As for Jason, things are... perfect. Everything in our relationship has been steady. I haven't had to doubt anything at all and he has been honest with me completely. The only time this really hurt me was when I made reference to a comment he made several months earlier while we were in the movie and saw Zac Efron in a trailer and I told him "He was better when he was younger" and he had responded "Tristan, you will notice that happens to everyone". At the time I didn't think about it much and took it as a joke. After I brought it up again (to remind him we had seen this trailer) he told me he meant more by that. He said that deep down he has been worried if I will still like him when he starts to look older and more his age. I started crying at this point. I had no idea that he was concerned about this. I reassured him that no matter how superficial I was when it came to being wooed by a celebrity's good looks, it meant absolutely nothing about how I see someone I'm dating. I told him that I would still like him the same as now when he got older and looks mean nothing. He said he was glad to get that off his chest and I thanked him for being honest.

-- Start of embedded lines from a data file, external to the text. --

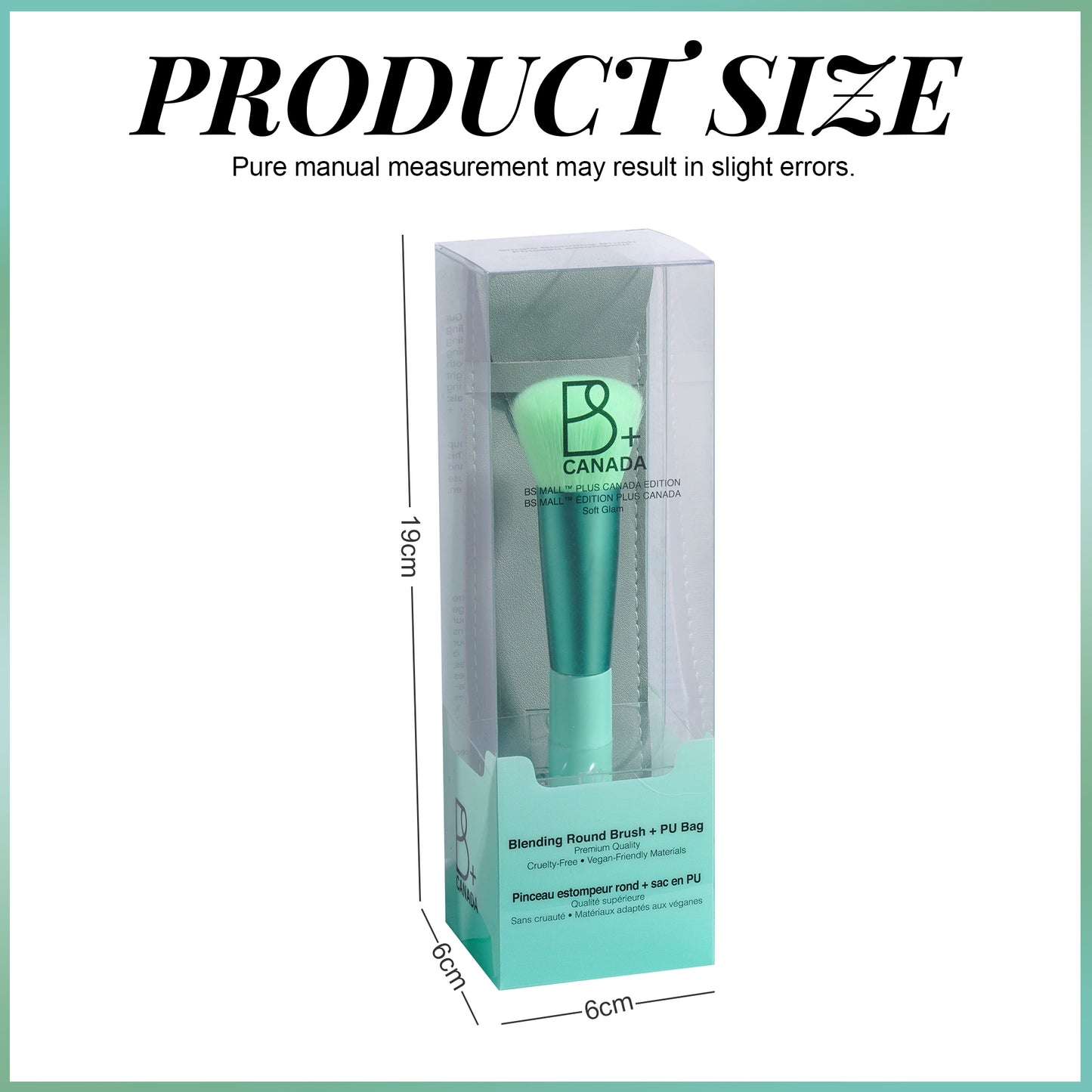 Single Round Blending Brush + PU Pouch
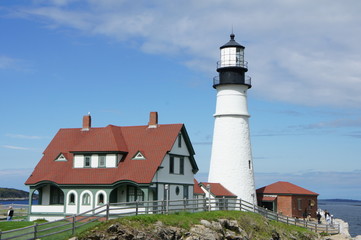 Fototapeta na wymiar Lighthouse at Maine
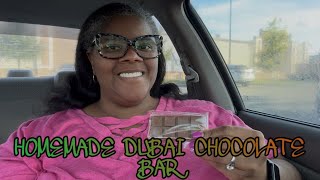 SLAYTEMBER DAY 18: FIRST TIME TRYING A HOMEMADE DUBAI CHOCOLATE BAR #THEREVIEWQUEEN #SLAYTEMBER 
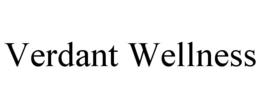 VERDANT WELLNESS trademark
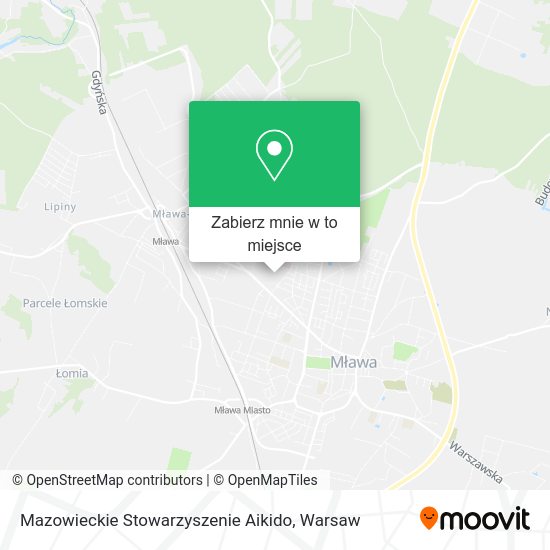 Mapa Mazowieckie Stowarzyszenie Aikido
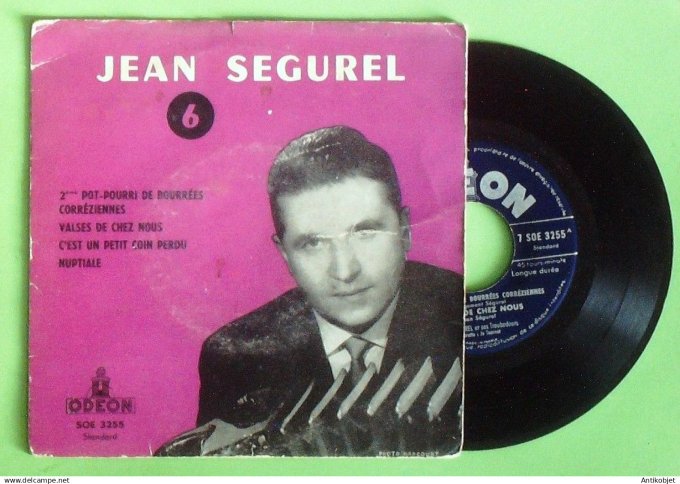 Ségurel Jean 45T EP Valses de chez nous 1956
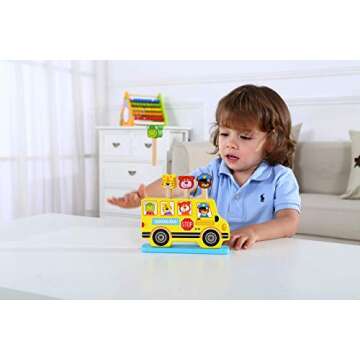 Montessori Toys for 1 Year Old Boy and Girl - Preschool Learning Activities - Develops Fine Motor Sk...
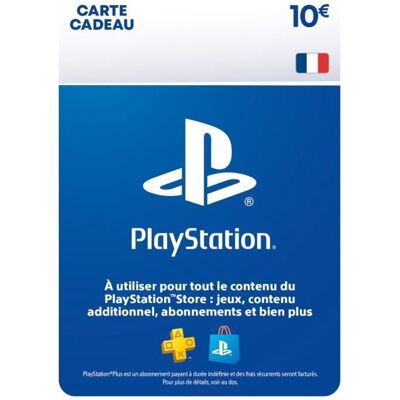 SONY COMPUTER ENTERTAINMENT Carte cadeau numérique de 10€ à utiliser sur le PlayStation Store - Publicité SONY COMPUTER ENTERTAINMENT Carte cadeau numérique de 10€ à utiliser sur le PlayStation Store - Publicité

I have also begun to tell him that I love him. I actually mean it and am not afraid to use that word with him. As you know (if you read my entry a few weeks ago), I don't like using that word unless I truly mean it. I honestly can see myself with Jason my whole life and I think he sees me that way too. If I lost him again I would be devastated.
An issue that has come up in the back of my mind is whether or not I can get over love to love another. My "love" (or what I considered love was before. Probably just lust.) for Mikey is still there, and coming home this past weekend and visiting with him didn't help those feelings subside. But I love Jason at a different level. I'm sure things will be fine, but it kind of bothers me knowing my heart isn't completely focussed on Jason.
I have deviated from the topic of this entry, but I guess it's a good thing that things aren't entirely as perfect as they seem. However, I'm happy, and Jason is happy with me. And that's all that matters, right? Our relationship is completely comfortable, and while we haven't gone all the way yet, I feel that will come naturally very soon. We have already begun talking about getting condoms for it and have joked around about it. We are like little kids when it comes to that, and I enjoy the fact that our sexual moments aren't serious and nerve-racking. We make them fun and relaxed.
Should I be worried about the fact that I am happy?